Domingos é padrinho de Lucélia (Jéssica Ellen), a empregada doméstica da família Bulhosa, e é encorajado pela afilhada a colher os louros da carreira.
"Ele é mais explorado do que taxado. Na verdade, acho que naquele momento imagino que ser preto já era o suficiente. Por isso, ele não passa exatamente pelo constrangimento de ser menos por ser compositor. É menos por ter uma coloração diferente do padrão".
Na vida real, Sérgio, que também é cantor e foi um dos vocalistas do Monobloco, tira de letra quando é questionado sobre seu trabalho com a música.
"'Perguntam: 'Tu é músico, mas trabalha com o quê?' Não acho nem ruim porque a gente trabalha com a diversão alheia, automaticamente você pode dar uma fugidinha e se divertir também. Se não fosse para me divertir, eu continuaria trabalhando na Kolynos [fábrica de creme dental], onde eu trabalhava há alguns anos".
Afro-empreendedor
Cantor, apresentador, ator e afro-empreendendor: é assim que Loroza se define no Instagram. Recentemente, ele resolveu se aventurar como empresário, investindo em cachaça.
"Estou fazendo um projeto para o próximo verão, agora não sou só um atorzinho, agora sou um afro-empreendedor", conta ele, com bom humor.
"No nosso país, a gente faz um evento juntando 100 empresários, infelizmente a gente é muito pouco representado etnicamente falando. Acho que é importante também empreender, inventar histórias", diz ele, que resolveu investir no negócio por acaso.
"Comecei a fazer para dar de presente para os amigos, aí começaram a pintar outras oportunidades. Tenho uma parceria com uma galera de Paraty, uma indústria de lá e eles produzem para mim a cachaça. É importante ter uma qualidade... Mais importante que o petróleo, que pode acabar, a cachaça pode ser a nossa salvação.

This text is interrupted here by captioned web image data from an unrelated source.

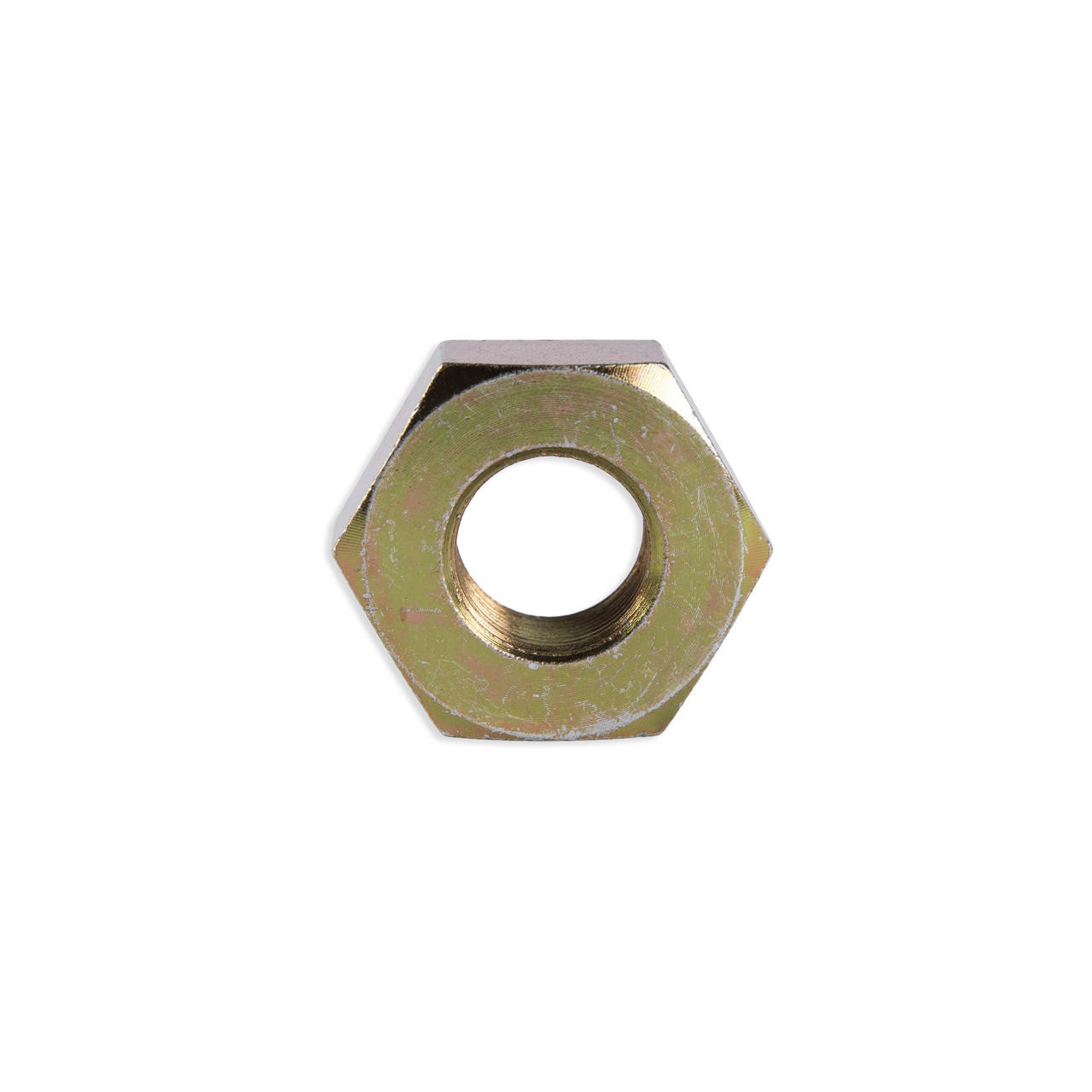 Lug Nut (Jam Nut) | Seeya + Alfa - Leisure RV Parts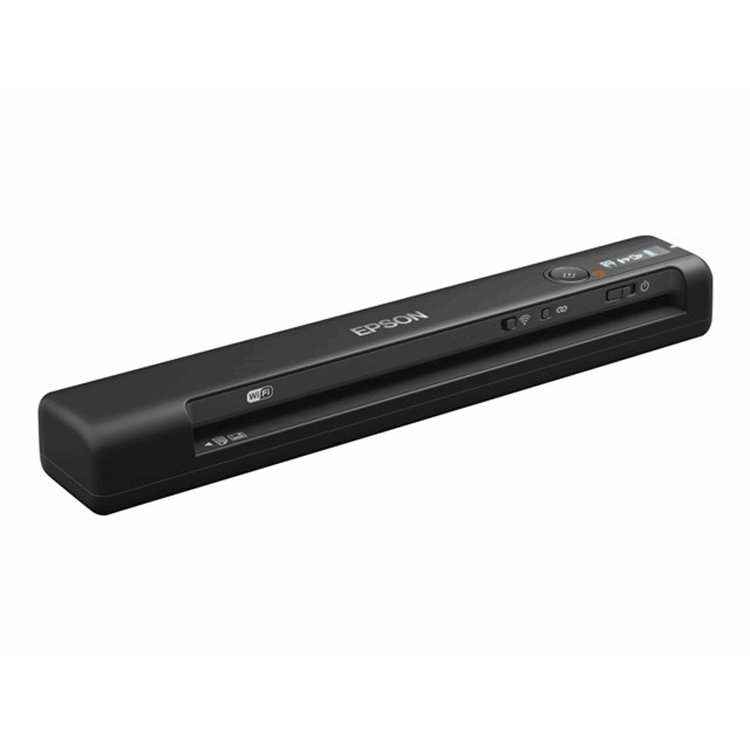 Epson Workforce ES-60W Power PDF Epson Workforce ES-60W Power PDF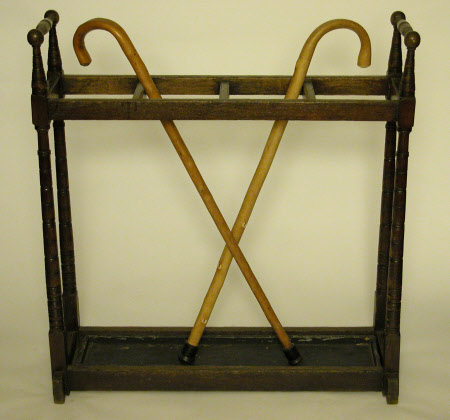 Quebec House © National Trust / Andrew Fetherston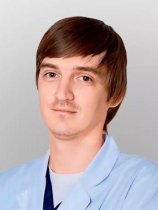 Тихонов Антон Владимирович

Então, a cachaça é nossa!", brinca.
Bem-humorado, Loroza faz piada do seu peso e o gosto pela comida e bebida. "Gula é pecado de acordo com a religiosidade, mas digo que é o melhor pecado porque só faz mal a si mesmo. Não estou fazendo mal a ninguém. Posso beber, tenho direito, posso comer".
"Artista não pode ser inimigo da sociedade"

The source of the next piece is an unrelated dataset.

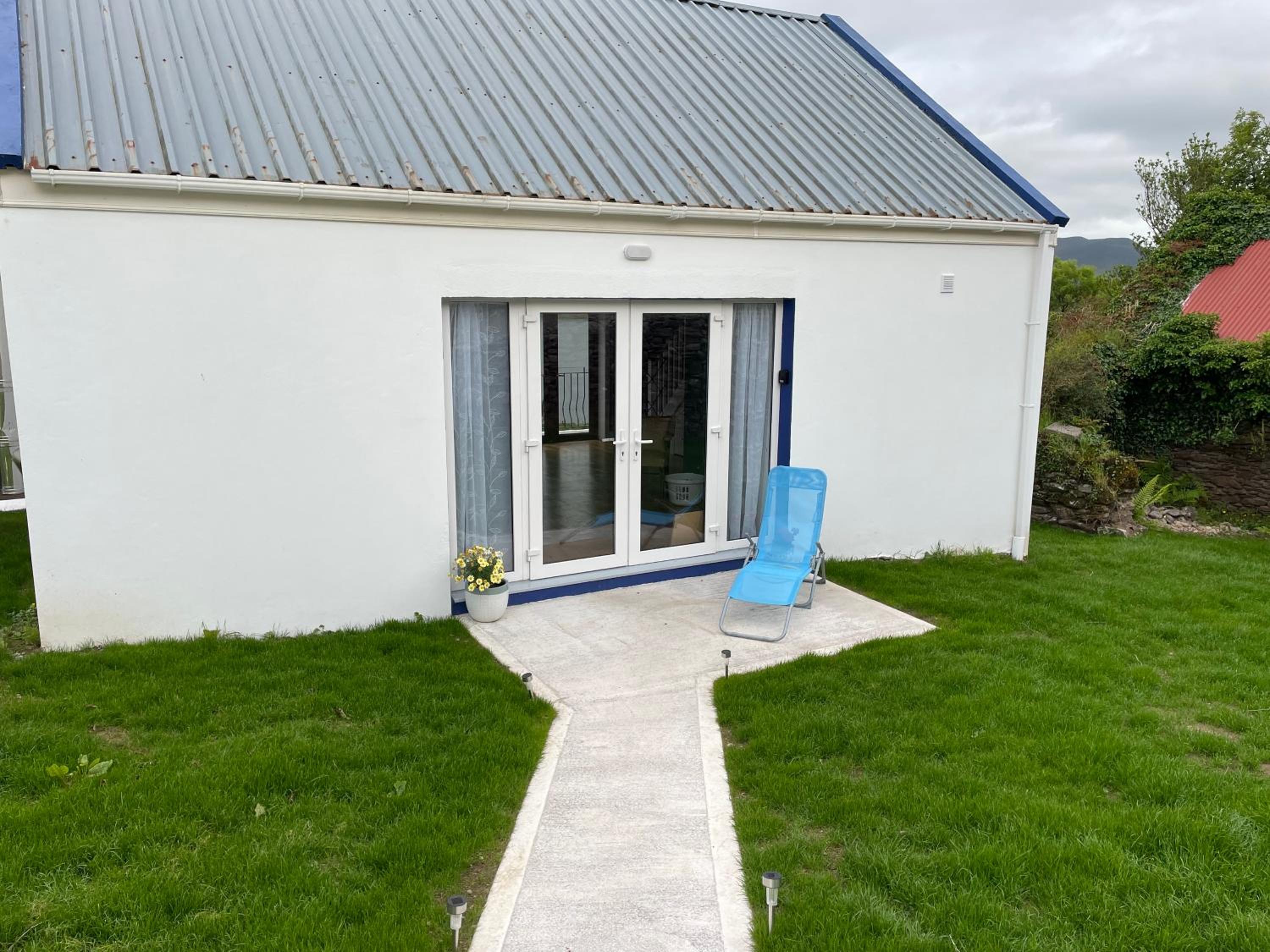 Seán Ógs House view 5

Com um currículo extenso de novelas, séries e filmes, Loroza estreou em Hilda Furacão (1998) e participou de muitos programas de humor, entre eles: A Grande Família (2001), Os Normais (2003), A Diarista (2005) e Zorra Total (2005). O ator considera positivo o humor mais politizado, presente atualmente na programação da Globo, e do qual Filhos da Pátria também é exemplo.
"Linguagem é poder. A gente está vivendo esse momento e tem que entender que as coisas podem ter um desdobramento que talvez não seja aquele que a gente deseja. O politicamente correto está acabando com o humor? Não, está fazendo ele ficar mais inteligente", ressalta.

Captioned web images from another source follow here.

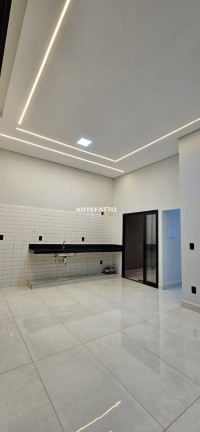 Imagem Casa com 2 Quartos à Venda, 65 m² em Residencial Palermo - Franca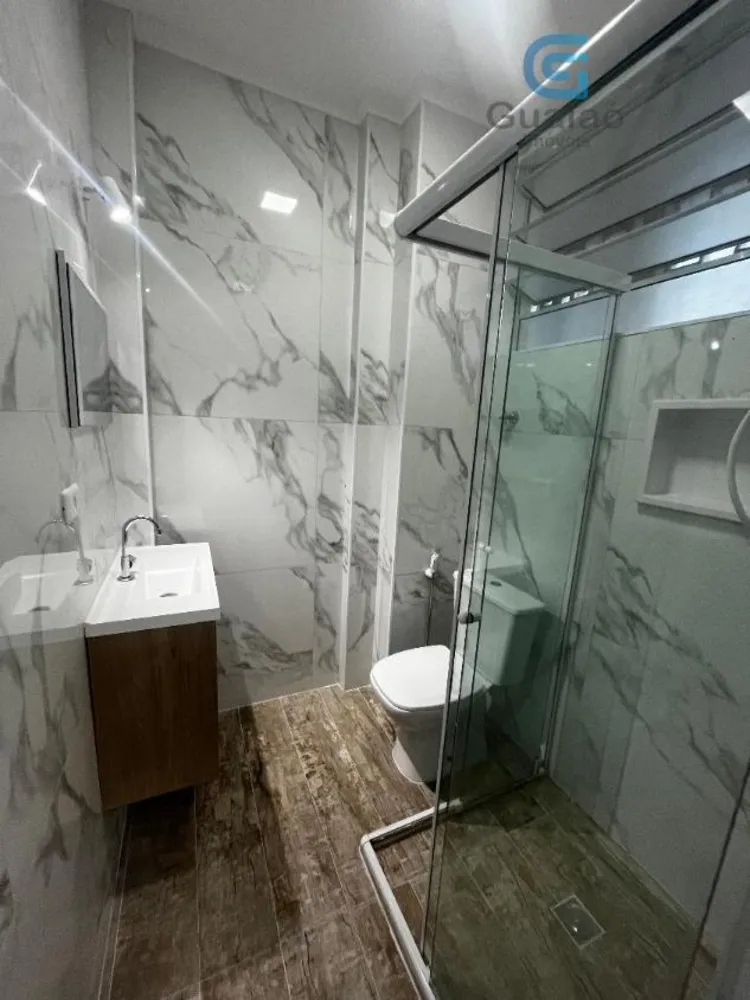 Apartamento, 1 quarto, 37 m² - Foto 5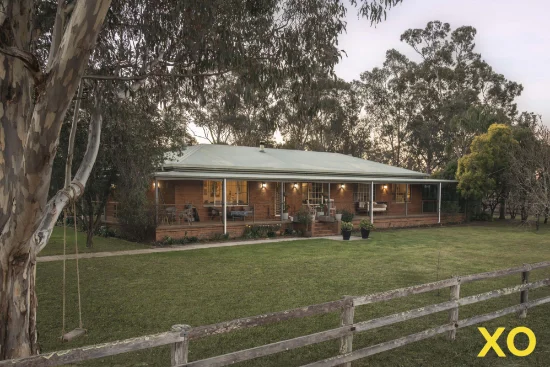 1163 Milbrodale Road, Broke, NSW 2330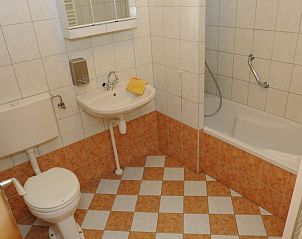 Unterkunft 010514 - Appartement Texel - Anja Hoeve Texel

"O artista não pode ser inimigo da sociedade, pelo contrário. Se a gente percebe que através do nosso humor a gente pode fazer a sociedade ficar mais legal, vamos aderir a isso".
Com uma fala mansa e a filosofia de Zeca Pagodinho, do 'deixa a vida me levar', Loroza diz que não é tão tranquilo quanto parece quando é questionado como enfrenta o preconceito em sua vida.
"É necessário se falar sobre isso porque muito pior do que todas as agressões que a gente sofre é a impossibilidade de poder falar. É como se alguém tivesse pisando no seu pé e você não pode falar nada porque senão vira mimimi, vira vitimismo", critica ele.
"Isso é uma estratégia para poder calar a gente também, não vai funcionar mais, agora vamos falar. A gente deseja um mundo melhor não daqui a 50 anos. Muito prazer, estamos na nova era, já começou, não vai dar para esperar".